Keep together while you can. Death will sever the bond, all too soon, or sickness compel absence, full of fear and sad forebodings. It is impossible for a husband and wife to be absent from each other often, even for a few weeks at a time, without finding little changes on their return. Every one has some peculiarities of character and disposition which are not exactly congenial; but if married young, before habits or traits are fixed past change, all these little infelicities are softened or lost sight of in daily communion, and man and wife assimilate, and grow more and more of one heart and one mind, if happily mated. But let these separations, even of short duration, once begin, and they soon grow apart.

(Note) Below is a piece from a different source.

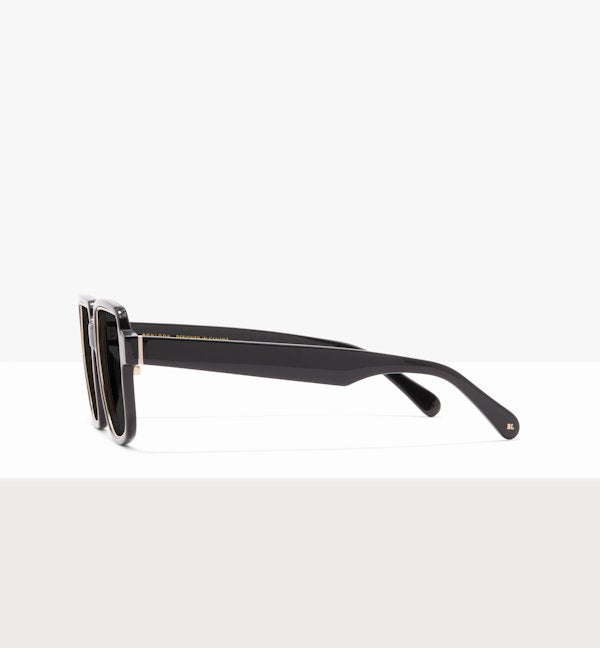 Stylish Channing Sunglasses for Men & Women - UV Protection Polarized Lenses - Perfect for Outdoor Activities, Beach, Driving & Fashion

The natural traits and dissimilarities which constant association have held dormant wake up, and are less and less easily lulled to sleep after each separation.

We think women are more injured by this roving than men. The latter are seldom long absent, except on business, with no leisure for pleasure-seeking while away; and in their necessarily rapid traveling, the hurry, the annoyance, the loss of creature comforts, which are found in greater perfection at home, are more felt, and usually the comforts and luxuries of their own fireside are more fully appreciated on their return. In the whirl of business while absent, they have little temptation to take up any unusual line of thought or action. But a woman, unless she must go for her health, more frequently travels to have a “good time,” throwing aside all cares, instead of taking them with her as her husband does. In this freedom, she at once enters upon a mode of life altogether different from that which a wife, mother, or housekeeper can have at home. Her love of nicety and order is less disturbed when she has only herself to care for; and a selfish habit, a feeling of entire independence, is easily established, so that when she returns home she finds it difficult to take up again what was once a pleasure, but now seems more like the “burden of life.” The noise and confusion of children or much company, for the care of which she feels responsible, are far more irksome than before her “pleasure trip.” She does not find the yoke so easy or the burden so light. The habit of being interested in or sharing one another’s cares, reporting little items of daily news when together, is destroyed, and without any intentional unkindness they have learned to turn to others for the amusement or the social intercourse which was once a part of their life.